TASK BRIEF —
Repeat the listing exactly as given, omitting every image.

SUPPLIED MATERIAL —
Start of Block
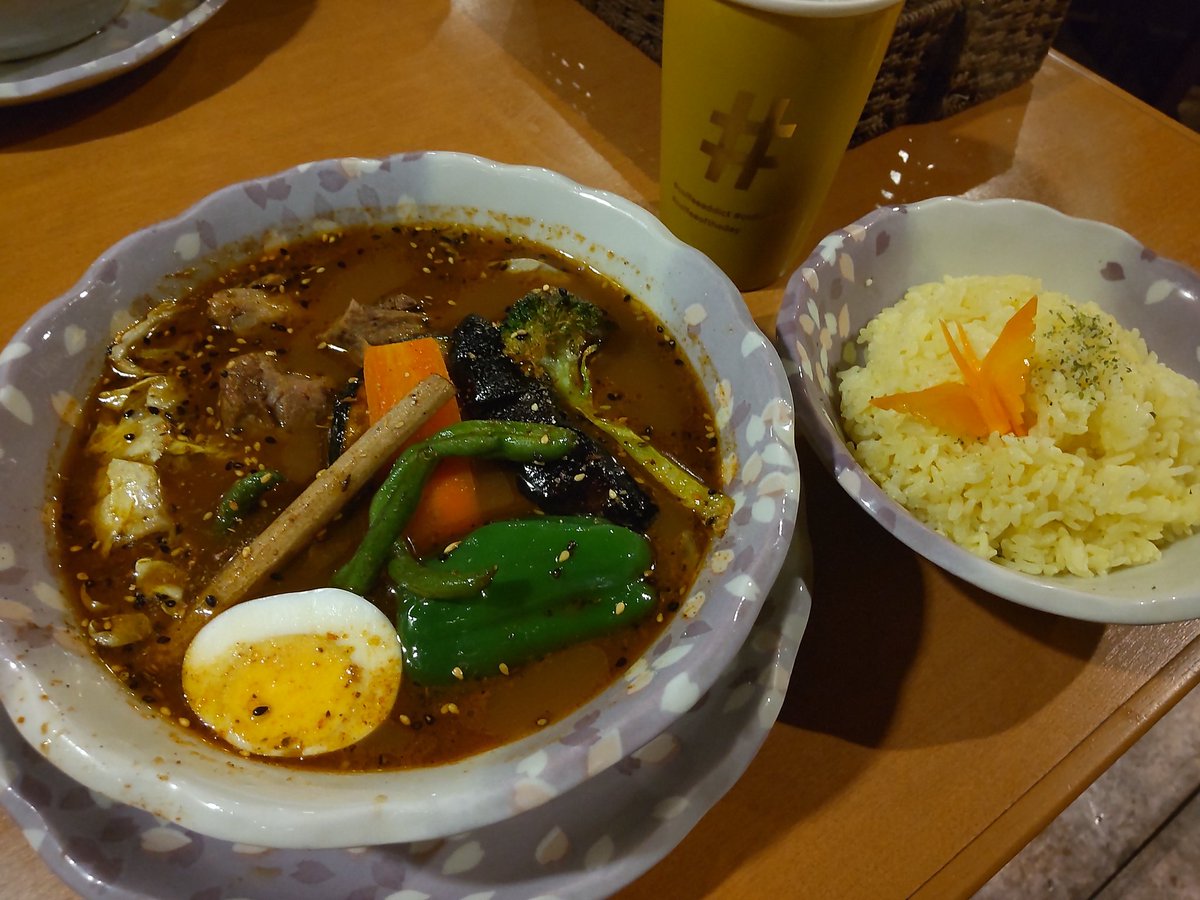 CharleyRamen's tweet photo. 期限の迫った電子チケットを利用しこちらで
喰いごたえの有る大きなブロック状のラム肉が旨い❤スープの量もたっぷりでお腹いっぱいです。
素敵なメニューもあるので再訪決定！
#お得なラム #3番 #スープカリー #オーヤン #元町 #gogosapporo https://t.co/wdPCNc3rr4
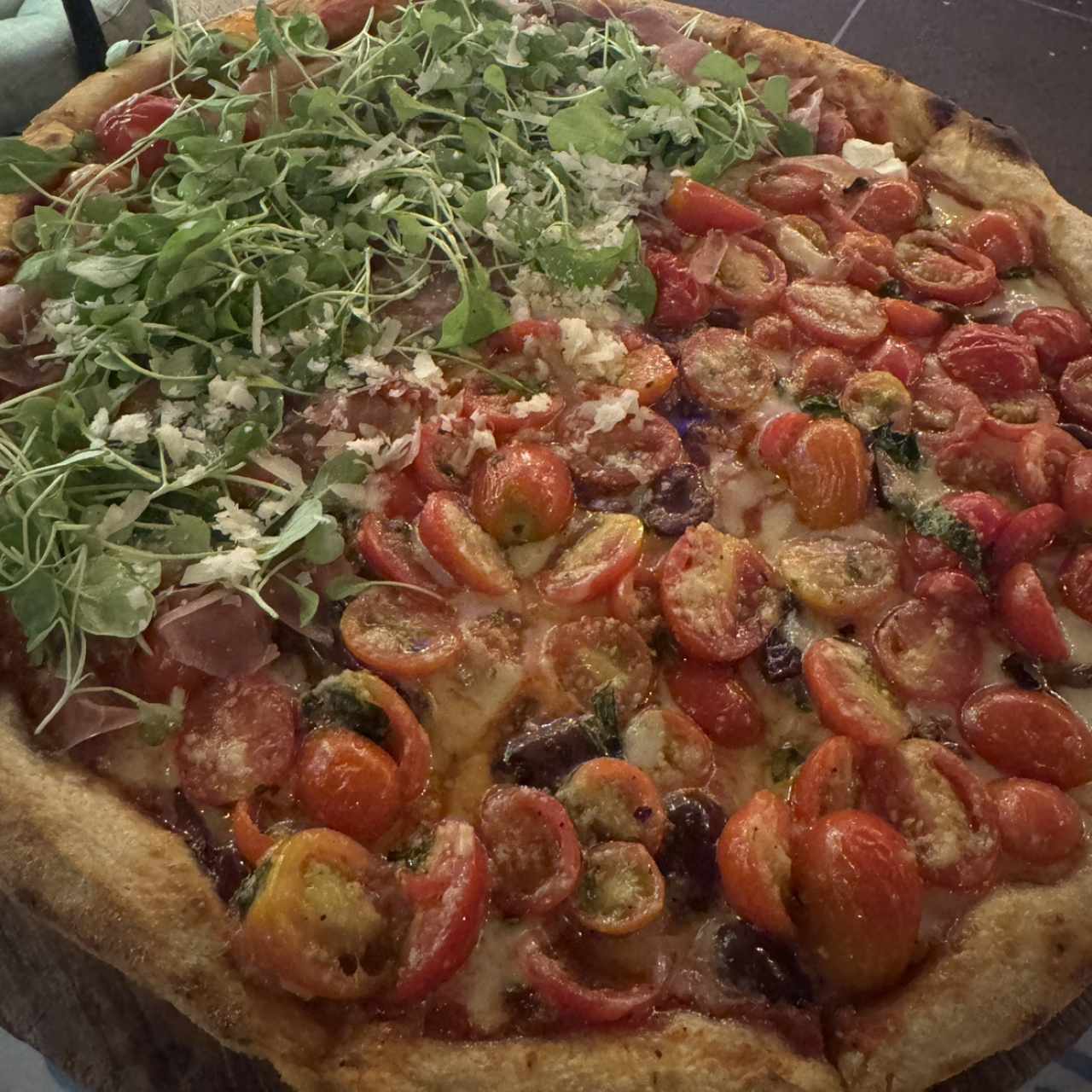 Pizza ajo rojo y Katane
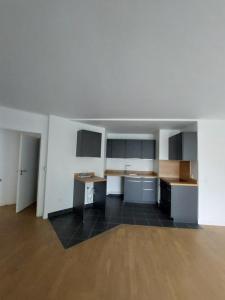 Location Appartement 3 pices SURESNES 92150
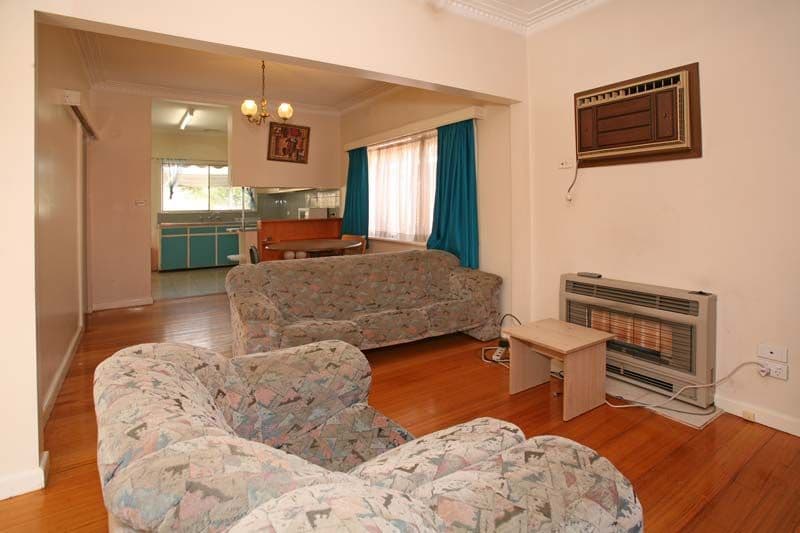 5  Inverness Avenue, BURWOOD VIC 3125, Burwood - Thumbnail 2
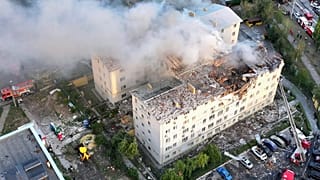 Один из российских беспилотников попал в многоэтажный дом, 18 августа 2025 года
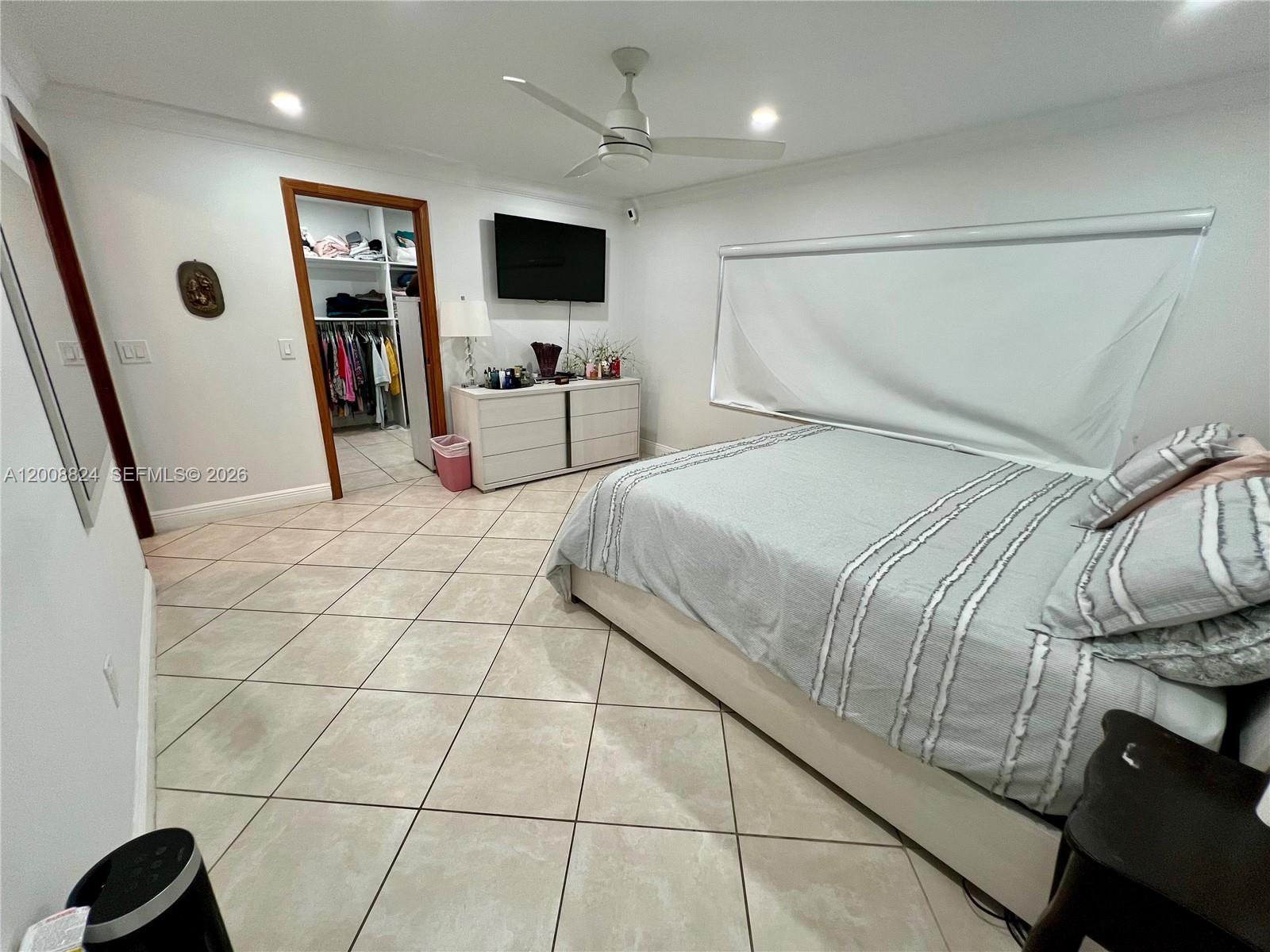 LOS PASEOS - Residential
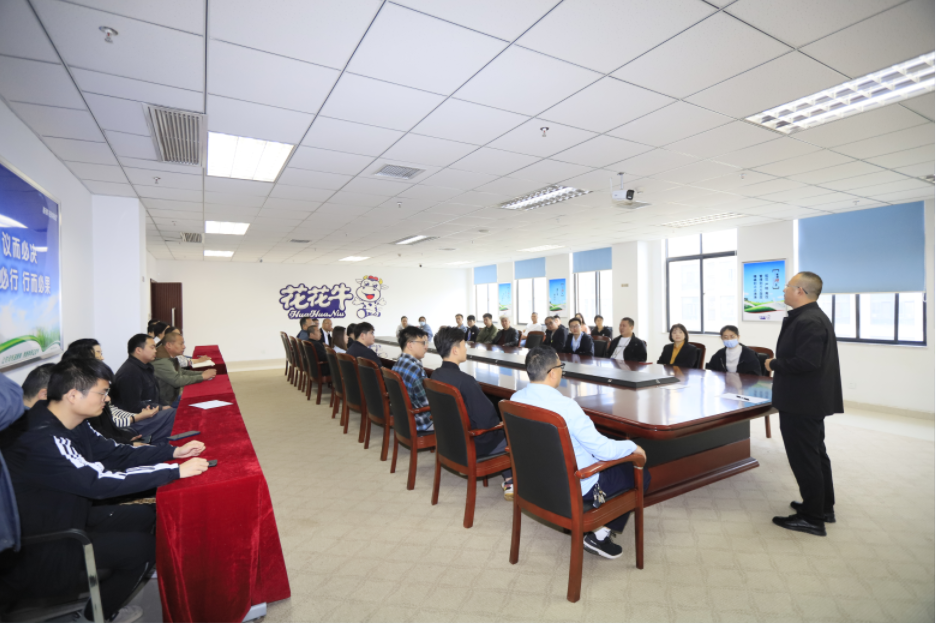 增強消防意識，筑牢安全底線丨花花牛乳業(yè)集團組織消防應(yīng)急演練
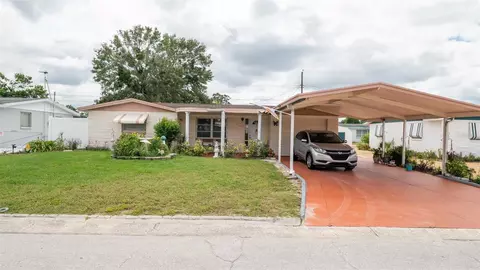 4816 Vision Ave, Holiday, FL 34690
End of Block
RESULT —
 CharleyRamen's tweet photo. 期限の迫った電子チケットを利用しこちらで
喰いごたえの有る大きなブロック状のラム肉が旨い❤スープの量もたっぷりでお腹いっぱいです。
素敵なメニューもあるので再訪決定！
#お得なラム #3番 #スープカリー #オーヤン #元町 #gogosapporo https://t.co/wdPCNc3rr4
 Pizza ajo rojo y Katane
 Location Appartement 3 pices SURESNES 92150
 5  Inverness Avenue, BURWOOD VIC 3125, Burwood - Thumbnail 2
 Один из российских беспилотников попал в многоэтажный дом, 18 августа 2025 года
 LOS PASEOS - Residential
 增強消防意識，筑牢安全底線丨花花牛乳業(yè)集團組織消防應(yīng)急演練
 4816 Vision Ave, Holiday, FL 34690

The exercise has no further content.